Jean-François Ménard, traducteur français de Harry Potter, nous livre les secrets de la traduction française du livre de J.K. Rowling.
La traduction littéraire a des défis qui lui sont propres, et que l’on ne retrouve que rarement dans la traduction juridique ou la traduction financière, par exemple. C’est le cas des noms propres. Faut-il les traduire ? Ne pas les traduire ? Découvrez cinq cas tirés de la traduction française de Harry Potter, de J. K. Rowling.
Quand traduire ? Les Moldus et Poufsouffle
Le cas des « Moldus » est particulièrement intéressant et éclairant. Rappelons pour les non-initiés que le terme « Moldu » désigne les personnes ne possédant pas de pouvoirs magiques et menant leur petite vie le plus souvent dans l’ignorance du monde des sorciers. « Moldu » est la traduction de l’anglais « muggle ». Muggle est un terme très rare en anglais. On en trouve à peine une trace dans une pièce de Thomas Middleton du début du XVIIe siècle, mais on en ignore à vrai dire le sens. S’il apparaît également dans quelques dialectes régionaux, muggle est essentiellement un mot qui n’a pas de sens clair ou défini en anglais. Le traducteur, Jean-François Ménard, a cherché un mot qui ait des caractéristiques similaires en français, et il a inventé « moldu »:
- Les « moldus » sont « mou du », dans le sens qu’il leur manque quelque chose, à savoir la capacité de produire de la magie;
- La sonorité de « moldu » rappelle celle du terme original anglais.
La maison Poufsouffle, quant à elle, a fait l’objet d’une traduction littérale, ou presque. En anglais, cette maison de Poudlard s’appelle « Hufflepuff ». C’est la formule qui est utilisée dans le conte traditionnel lorsque le loup souffle les maisons des trois petits cochons (“I will huff and puff and I will blow your house down”). Mais il s’agissait également, pour le traducteur, de transmettre l’idée que les élèves de l’école Hufflepuff ont des difficultés à apprendre et que, en quelque sorte, ils s’essoufflent à la tâche. D’où le terme « poufsouffle ».
Quand ne pas traduire? Dumbledore, Hagrid et Minerva
Certains noms propres, en revanche, n’ont pas été traduits par Jean-François Ménard. C’est le cas notamment de la triade Dumbledore, Hagrid, Minerva (McGonagall). Pourquoi triade ? Parce que ces trois noms sont présents dans les deux premières pages du chapitre 20 d’un livre de Thomas Hardy intitulé le Maire de Castelbridge. Le fait que ces trois termes aient cette origine en commun a poussé le traducteur à les conserver. Mais Ménard propose également d’autres explications:
- Le terme « Dumbledore » désigne dans certains dialectes le bourdon. Or Ménard trouvant maladroit d’utiliser ce terme français a préféré conserver l’original, qui renvoie à la curiosité du personnage, qui va toujours comme de fleur en fleur.

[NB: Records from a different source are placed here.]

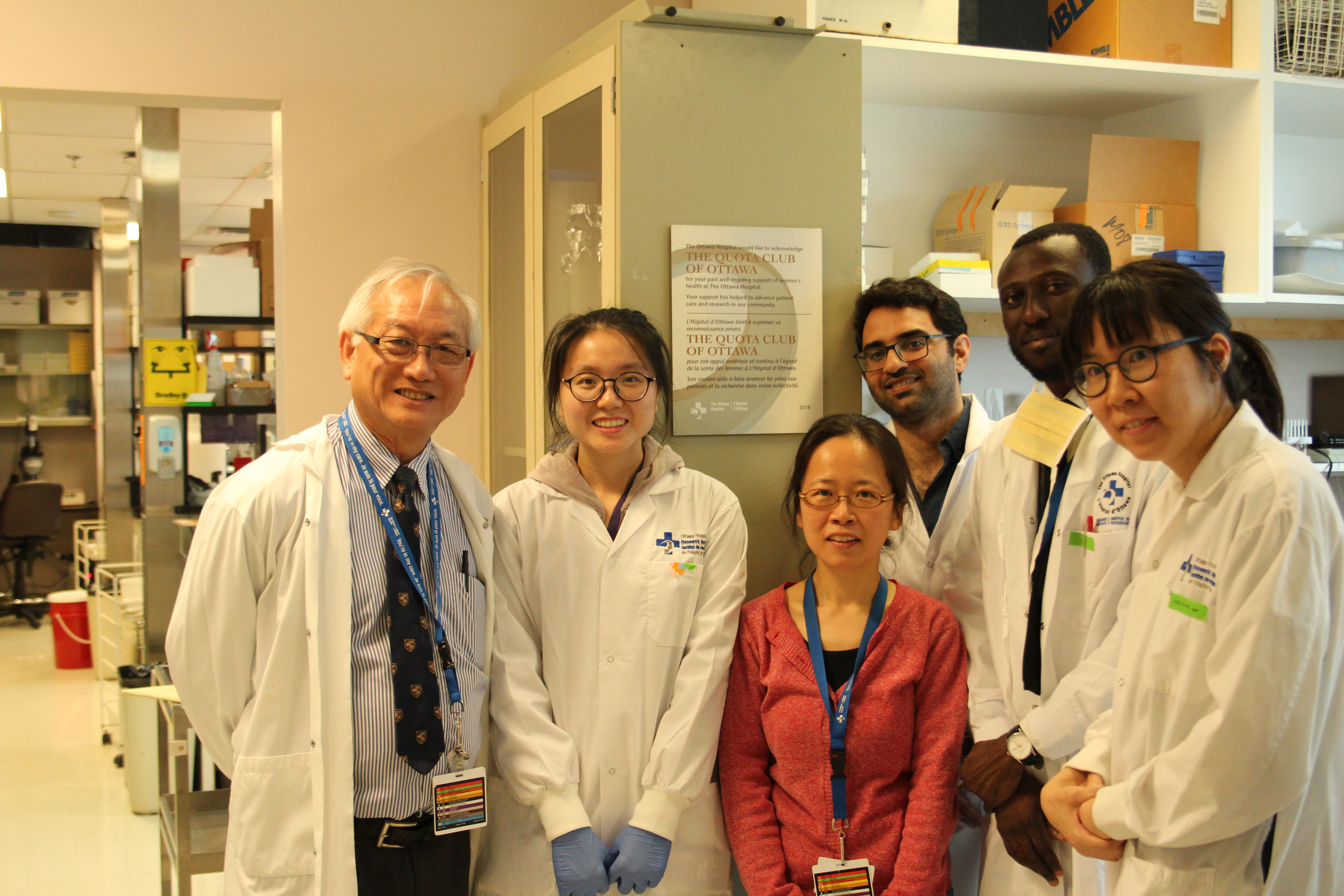 Group of individuals in a laboratory environment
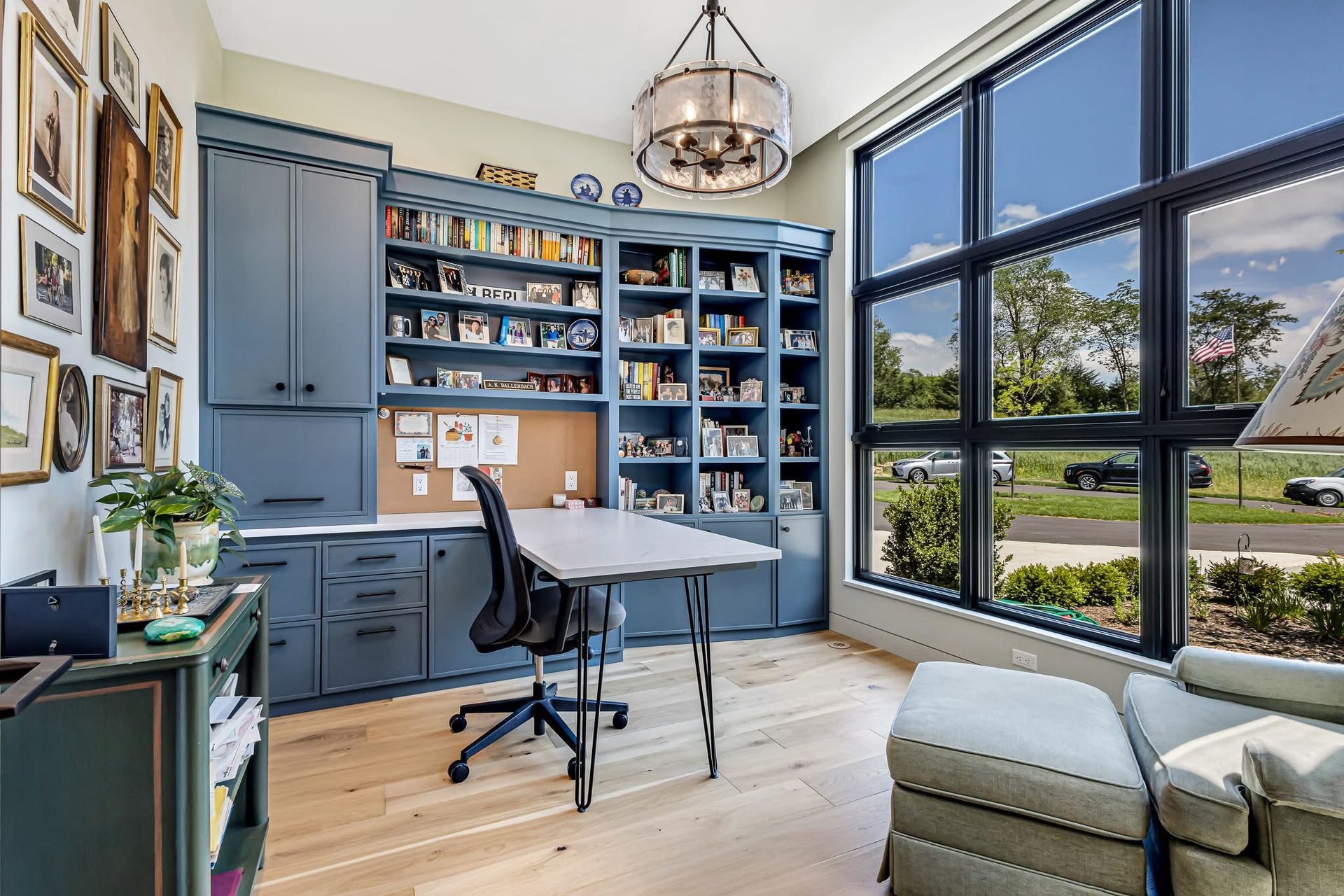Bright home office with blue built-ins, desk, chair, window wall, and light wood floors
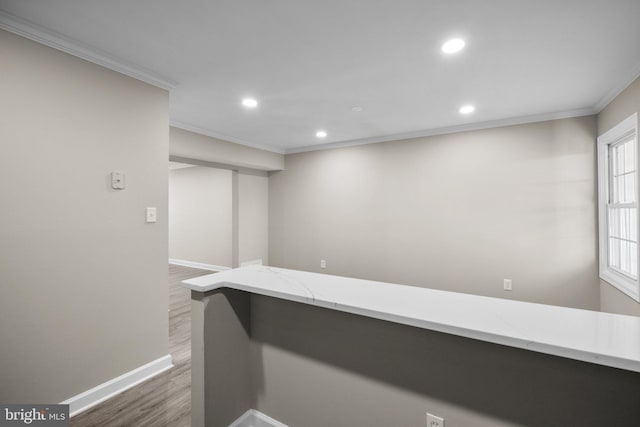 interior space featuring ornamental molding and dark hardwood / wood-style floors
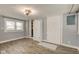 Bedroom with neutral paint, tile floors, multiple windows and a closet at 42 E Brookville Rd, Fountaintown, IN 46130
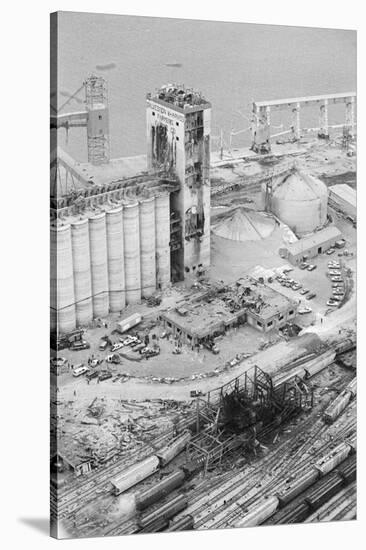Aerial of Exploded Grain Elevator-null-Stretched Canvas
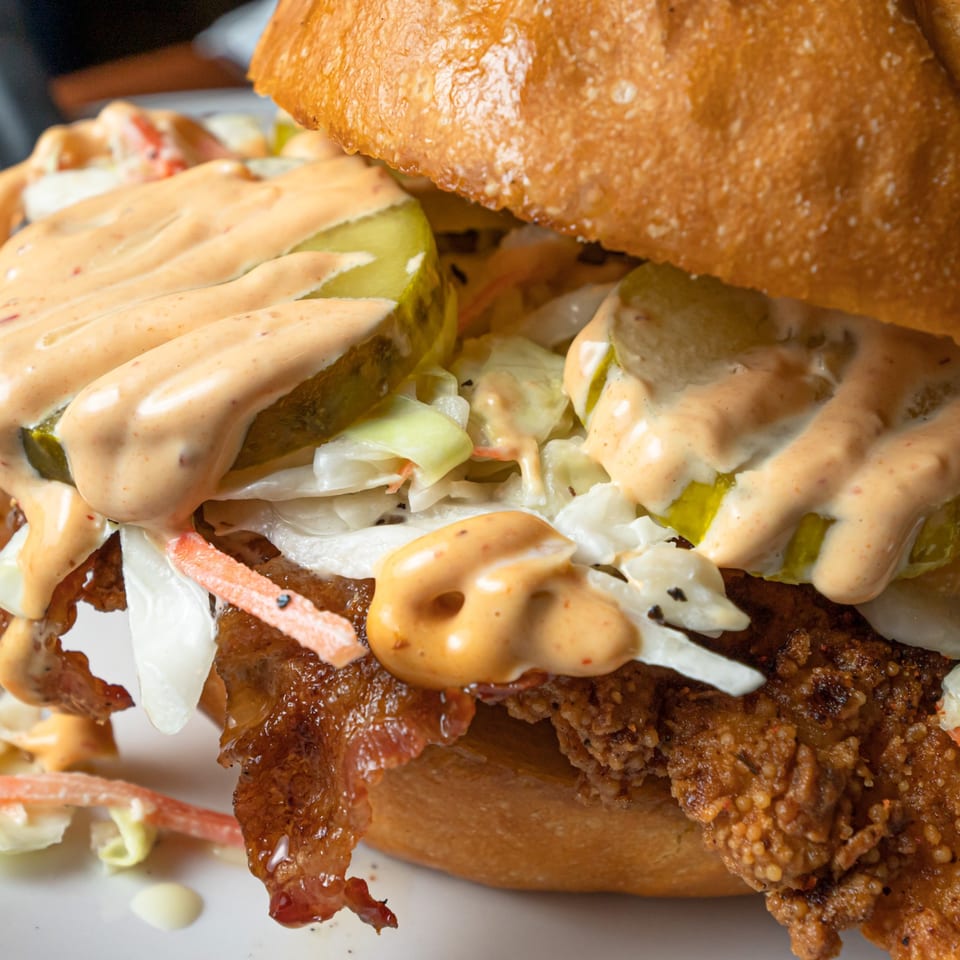 Close-up of a fried chicken sandwich with pickles, coleslaw, bacon, and special sauce on a bun.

- « Hagrid », pour sa part, désigne une personne hantée par les cauchemars ou des esprits malfaisants. Pour le traducteur, trouver un terme correspondant en français pour décrire de manière aussi évocatrice ce personnage était mission impossible.
- Minerva, le prénom de McGonagall, c’est, comme tout le monde le sait, la déesse de la sagesse, des sciences et des arts, mais aussi de la guerre. Ici plus encore qu’ailleurs, la décision était facile : non seulement le prénom décrit parfaitement le personnage, mais en plus il est « transparent » pour un lecteur francophone.